Controversy: does the free market undermine culture? A response to Patricia Donohue-White.
Schansberg, D. Eric
Despite the "controversy," Donohue-White and I have much
common ground. I especially enjoyed her pre-conclusion remarks about
finding a balance between a stringent critique and a blind embrace of
markets. Indeed, "market transactions must be analyzed against the
backdrop of human culture." I also agree with her that markets
allow a variety of harmful effects to occur. In that sense, I am more a
critic of (most) government intervention than a defender of markets per
se. The key question, then, is whether, in any given context, political
markets are an ethical alternative to economic markets and whether such
interventions practically yield fewer such harmful effects.
Before I address that question, I should note that my original
essay was meant as a defense of economic analysis in light of certain
critiques for which Donohue-White apparently has little sympathy. In
that sense, I had defined economic analysis simply as rigorous analysis.
As such, embracing economic analysis should be a moot point, but
unfortunately, it is often eschewed in delicate arenas or denigrated for
political purposes.
Economic analysis can also be seen as the study of factors
typically within the pale of economics. But, as I noted in the opening
paragraph of my original essay, economics can easily be defined far more
broadly. Unfortunately, in practice, many economists define the relevant
set of variables too narrowly and, as Donohue-White concurs, they should
be criticized for this myopia. That said, it is also a mistake to define
economic analysis too narrowly (e.g., she argues that "a
consumerist mindset" is "the application of the economic way
of thinking to non-economic areas").
The Virtues and Vices of Economic and Political Markets
Donohue-White attributes certain virtues and vices to the market,
but later notes that the market is "a neutral instrument."

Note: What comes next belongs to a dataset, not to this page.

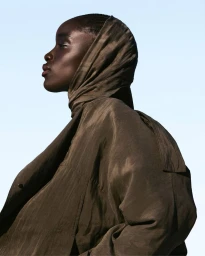 Profile portrait of a Black female model wearing an olive green hooded coat against a clear pale blue sky.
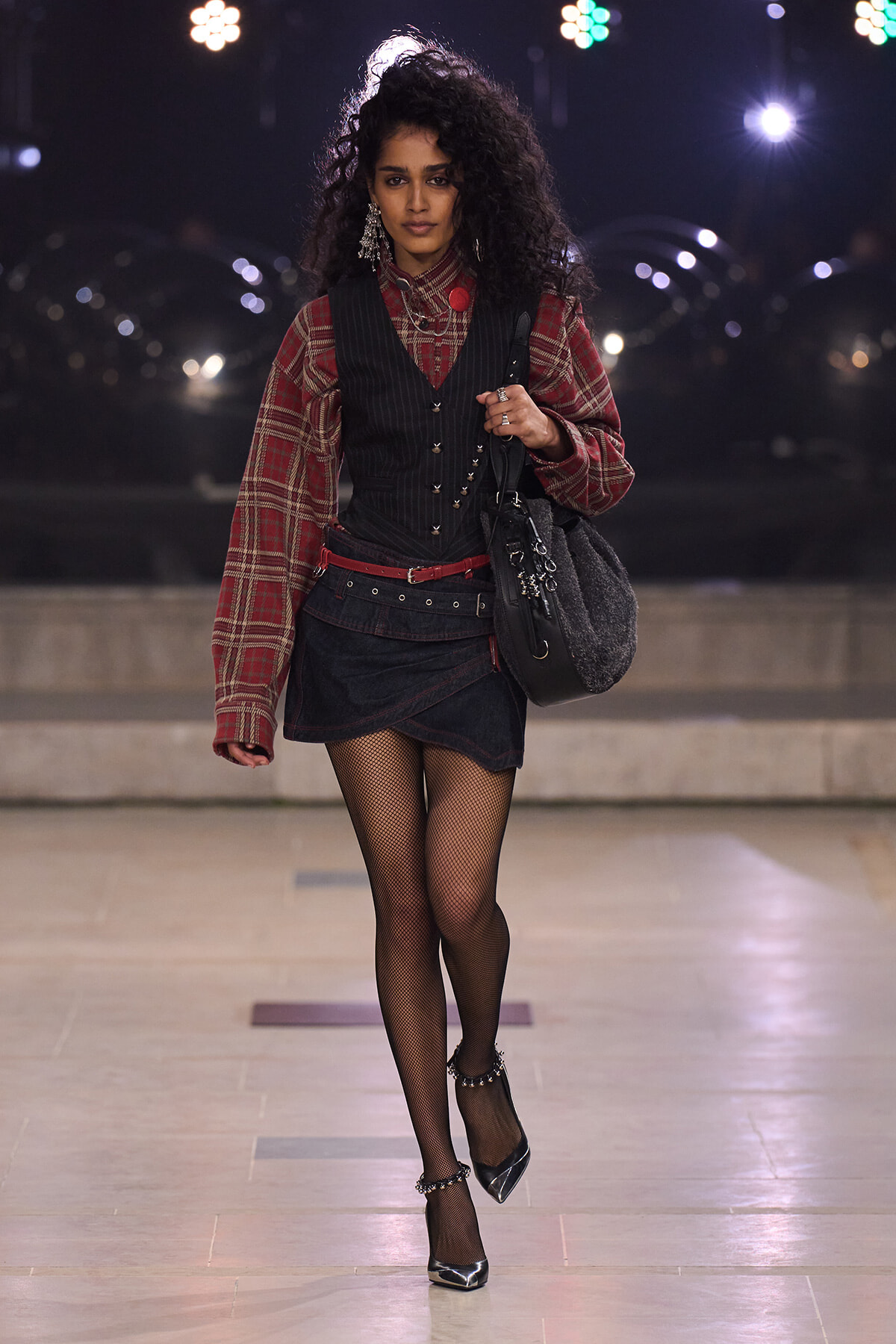 Model walking a fashion runway at night in a red plaid blouse, black vest, and denim skirt with fishnet tights and black heels carrying a black bag.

Although it may seem contradictory, I agree with her on both counts. In
one sense, a market system seems to develop certain virtues and vices
relative to non-market settings. And in another sense, the market is
neutral, simply allowing virtues and vices to be acted out within a
context of freedom.
In trying to determine the particular virtues and vices of economic
markets, we must be careful that our comparisons are to the
alternative--political market solutions--rather than to a utopia. To run
with Donohue-White's concerns about economic markets, one should
note that government solutions can also easily stifle human development,
cause breakdowns in community, foster vicious competition, allow people
to be treated as means to an end, promote idolization of wealth, and so
on. In a word, it is not at all clear that political markets are any
better on these counts. In any case, blaming economic markets alone is
insufficient, and to the extent that economic and political markets
yield similar outcomes, the cause would seem to be something other than
economics and politics.
Likewise, the attribution of individualism and consumerism to
economic markets alone is too narrowly placed. For instance, those who
advocate income redistribution to the poor and the non-poor often pose
next to the banner of community while embracing individualistic
policies--those that benefit some individuals at the expense of others.
Moreover, the voluntary, mutually beneficial trades of economic markets
typically promote social cooperation; in contrast, non-market,
non-voluntary activities promote contention between individuals and
groups. And it can easily be argued that government policies promote
discontent, envy, and consumerism.
Donohue-White argues that markets contribute to individualism, and
thus, to isolation and detachment. Although this may be true for some of
the means by which people engage in market activity, ironically, it is
economics that is famous for emphasizing the flaws of the Robinson
Crusoe model of sociability. It is in our comparative advantages that we
find it beneficial to engage in all sorts of trades with other
individuals--whether buying widgets or participating in a Bible study lesson. And again, it is not at all clear that markets fare any worse on
this count than the stereotypical "faceless bureaucrats" of
government.
It is also noteworthy that in her discussion of "structures of
sin" and "abuses within the marketplace," Donohue-White
appeals to examples, all of which either stem directly from, or are
heavily influenced by, government intervention. Of course, if one is
troubled by the implications of black-market activity, blame the
government, not economic markets. Moreover, this further illustrates
that individualism and consumerism are alive and well in political
market settings.
Donohue-White appropriately argues that the market is a neutral
mechanism --it simply allows virtues and vices to be acted out within a
context of freedom. In contrast, government is a non-neutral
force--pushing and prodding people to avoid or engage in a variety of
activities. Too often, people miss the point that virtue and vice
require the freedom to engage in those activities. There is less virtue
in avoiding vice X if it is taxed or prohibited by law than if one has
the more complete freedom to choose X. Likewise, there is less virtue in
choosing virtue Y if it is subsidized or mandated by law. People
interested in morality--properly defined--should, thus, hesitate before
invoking non-market solutions to behavioral problems.
Finally, one could argue that markets are ultimately desirable even
if they are neutral or even less than neutral in a given context--if
invoking non-market solutions is an inappropriate means to agreed-upon
ends. In a word, freedom leads to many undesirable outcomes, but under
what conditions should one invoke government force to limit that
freedom? Of course, that is a topic for another day.